Start of Block
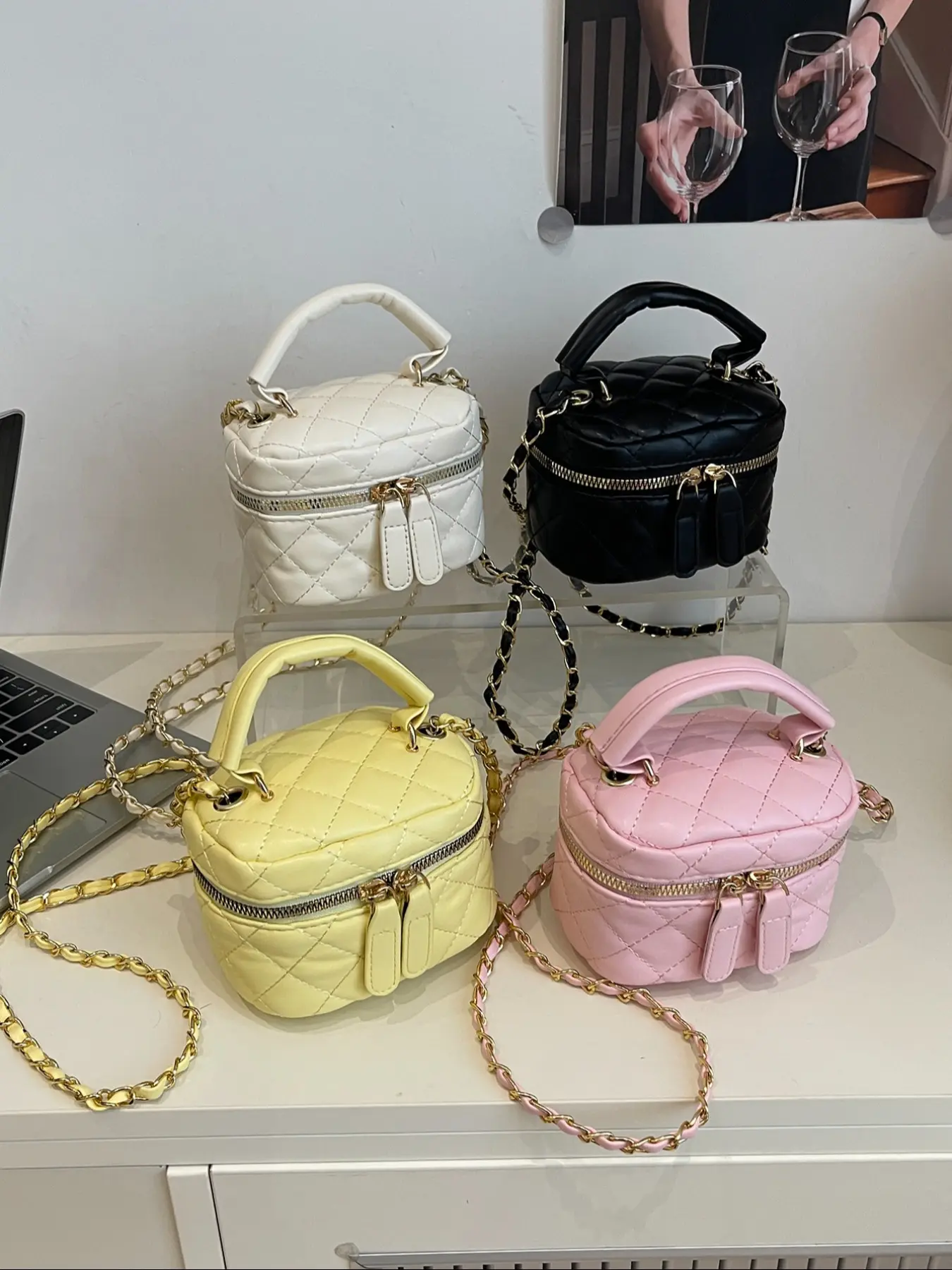 Women's Mini Metal Chain Handbag, Solid Color Diamond Grid Design, Small Fashionable Bucket Bag, Stylish Crossbody Bag, Perfect for Business & Casual Use, Simple Style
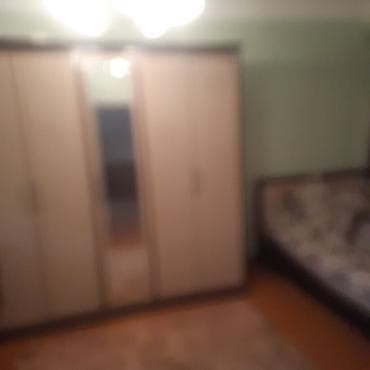 Geniş yataq otağı üçün çoxfunksiyalı dolab dəsti. Xüsusiyyətlər: - 4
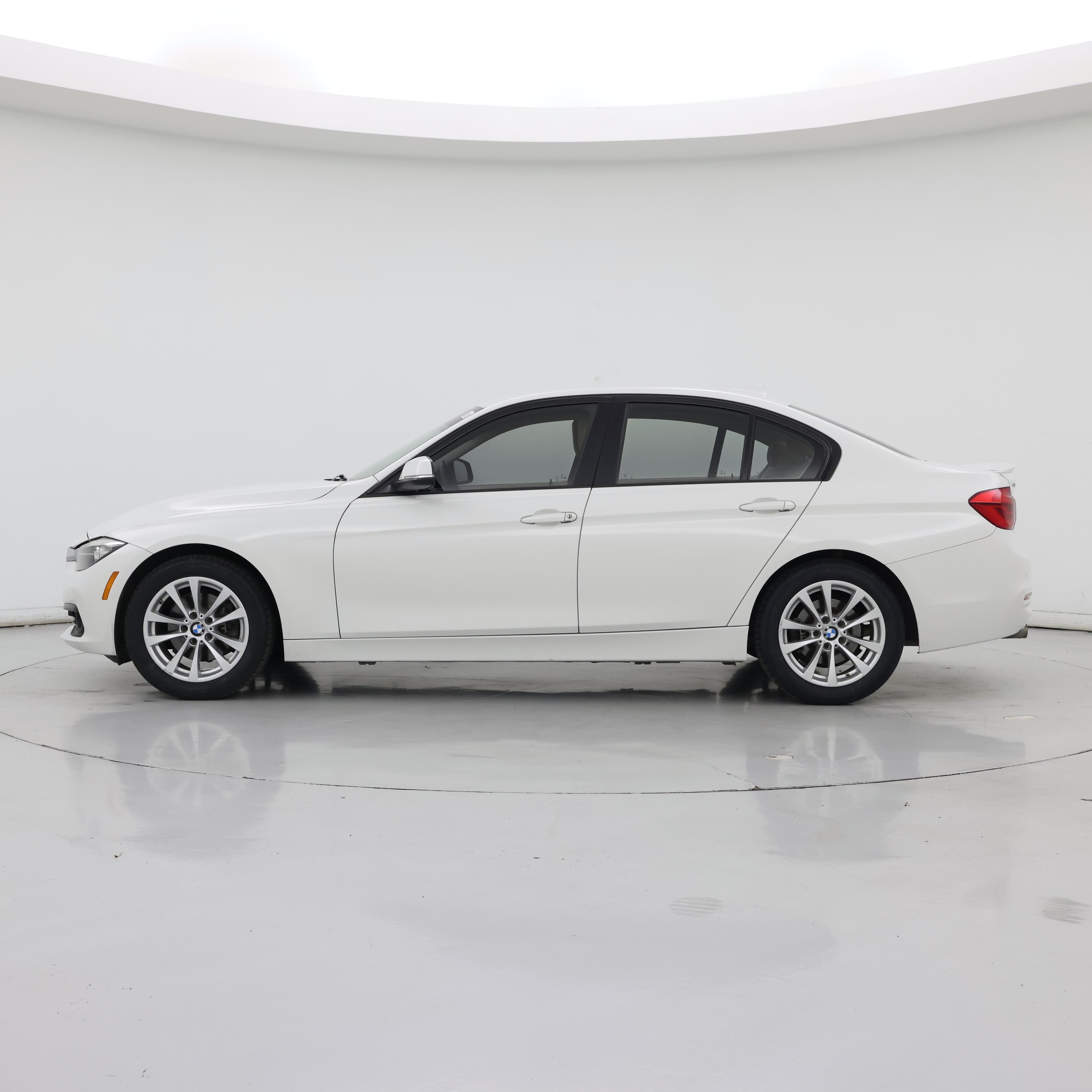 Thumbnail: 2016 BMW 3 Series - 3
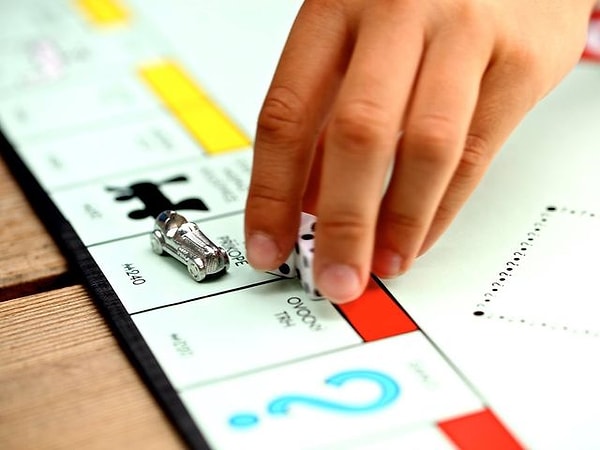 10. И последнее. Какая страна является исторической родиной "Монополии"?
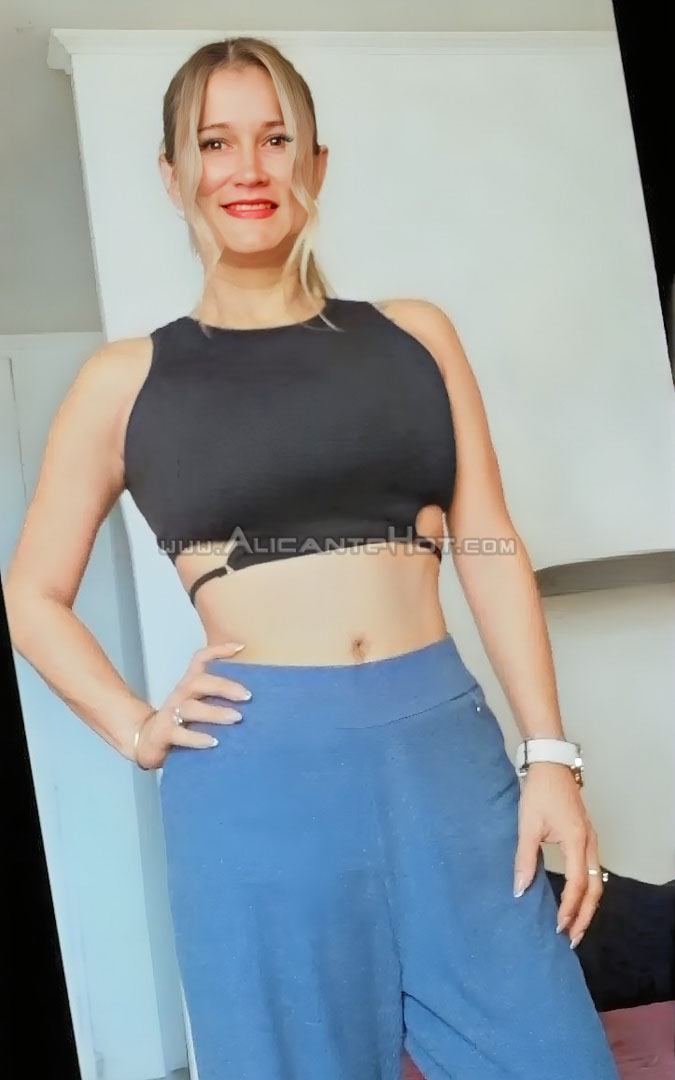 Abril - 652441500 - Citas en Benidorm, Alicante - alicantehot.com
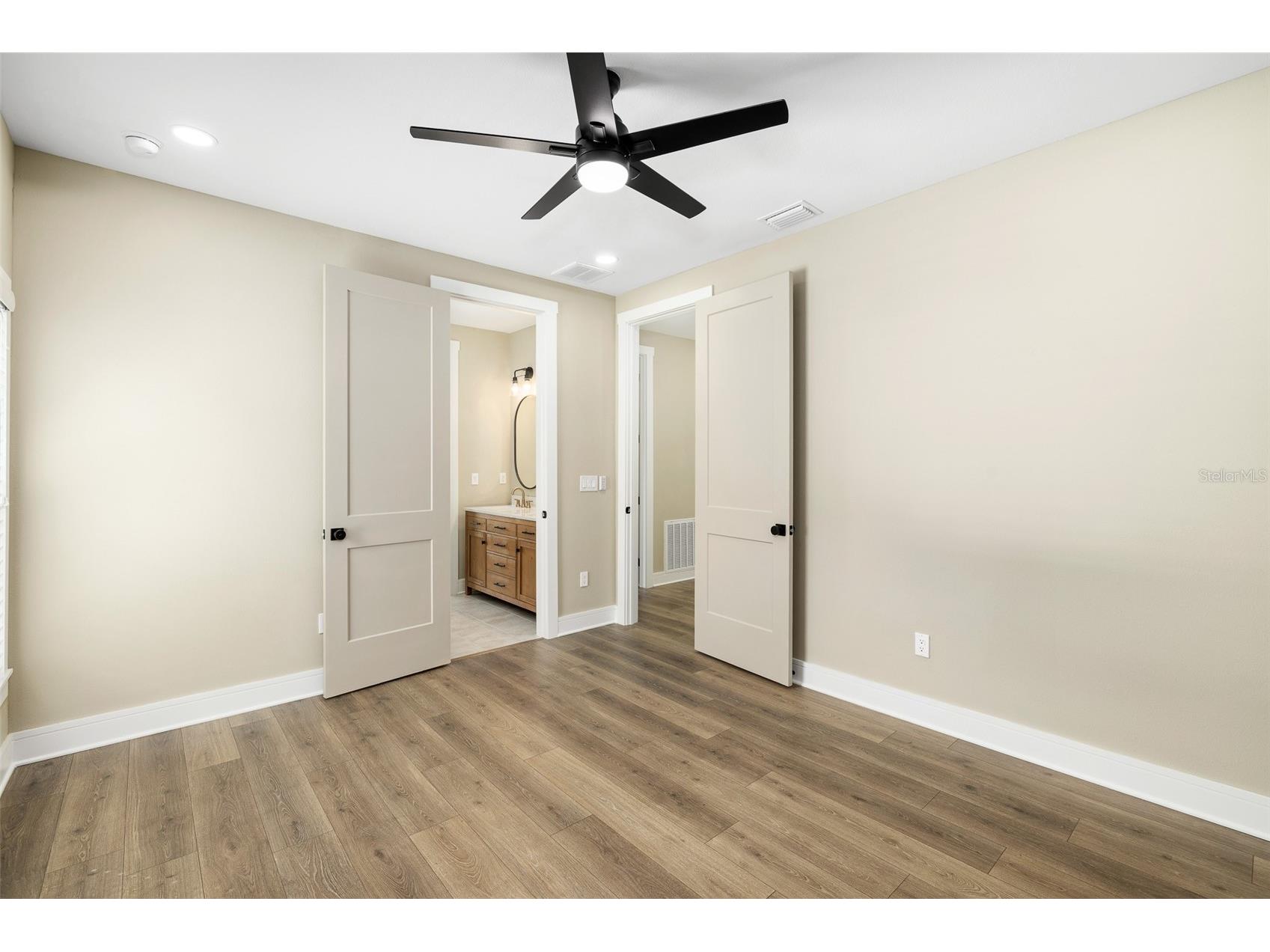 213 W Giddens Avenue Tampa FL 33603 TB8481824 image27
End of Block
◆ **Your assignment**: Every line between the one containing "Thumbnail: 2016 BMW 3 Series - 3" and the last line of the data above, both included, should be copied exactly, but not the pictures.

◆ **Response area**:
 Thumbnail: 2016 BMW 3 Series - 3
 10. И последнее. Какая страна является исторической родиной "Монополии"?
 Abril - 652441500 - Citas en Benidorm, Alicante - alicantehot.com
 213 W Giddens Avenue Tampa FL 33603 TB8481824 image27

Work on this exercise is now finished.